Vous allez avoir 90 ans. Pouvez-vous nous donner votre recette pour une longue vie ?

Le week-end, j'allais souvent dans la campagne. Loin de la ville, je me dégourdissais les jambes, profitais du magnifique paysage et respirais l'air frais. Ça faisait du bien de recharger les batteries de cette façon. Aujourd'hui, j'essaie de faire une promenade au moins une fois par jour. Il y a un autre aspect encore plus important : la pensée positive. Les informations sont dominées par des titres négatifs. C'est déprimant. Nous devons nous concentrer sur les choses agréables de la vie. Les gens comme moi qui ont connu la crise économique de 1929 et la seconde guerre mondiale savent à quel point la vie peut être merveilleuse aujourd'hui. La pensée positive. Cela signifie faire ce que vous voulez vraiment et regarder vers l'avenir avec courage et enthousiasme. Pour moi, ce sont les clés pour une longue vie.
 
Comment allez-vous ces jours-ci ?

Je suis aussi bien qu'une personne de mon âge peut l'être. Bien sûr, j'ai parfois des douleurs, ici et là, mais dans l'ensemble, je suis toujours en bonne forme. Pour cela, je suis très reconnaissant. En fait, une bonne santé est mon seul souhait. Sinon, je suis heureux à tous les égards.
 
Que se passe-t-il dans une journée type de votre vie actuelle ?

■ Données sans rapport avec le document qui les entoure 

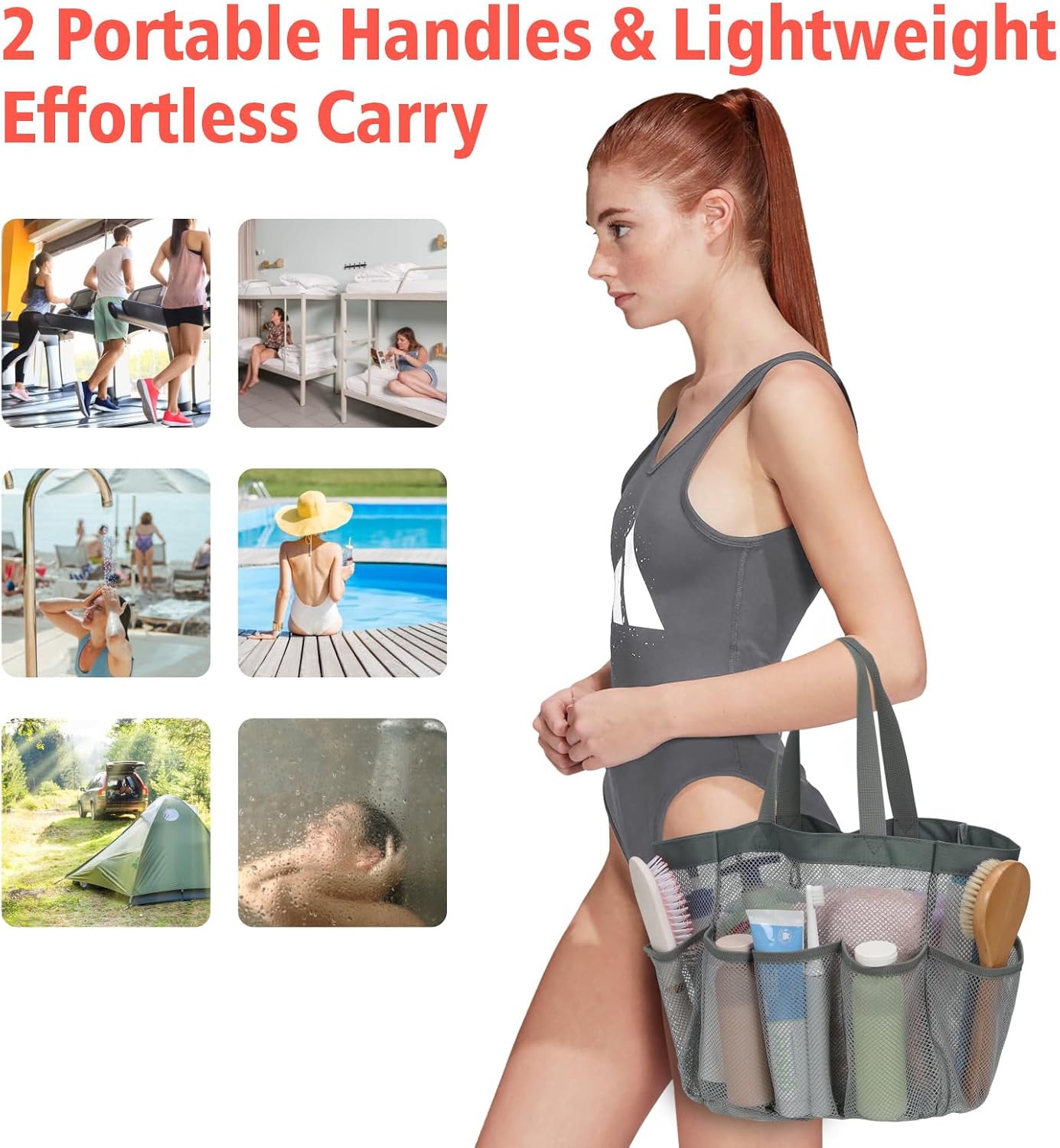 F-color Mesh Shower Caddy Portable, Upgrade Deeper 7 Pockets Shower Bag Basket Tote for College Dorm Room Toiletry Bathroom Essentials Gym Camp Quick Dry 2 handles with S Hook, Grey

Cela dépend. Quand je suis à la maison, les jours ne sont pas très excitants. Je lis, je passe des appels téléphoniques, je passe du temps dans mon jardin. Quand je suis en voyage, mon emploi du temps est déterminé par les événements auxquels je participe, si des interviews ou des dîners sont prévus. À Glashütte, j'aime visiter les ateliers de nos horlogers. Peu importe où je suis, j'essaie toujours de faire une sieste après le déjeuner. C'est relaxant et ça me donne de l'énergie pour la deuxième moitié de la journée.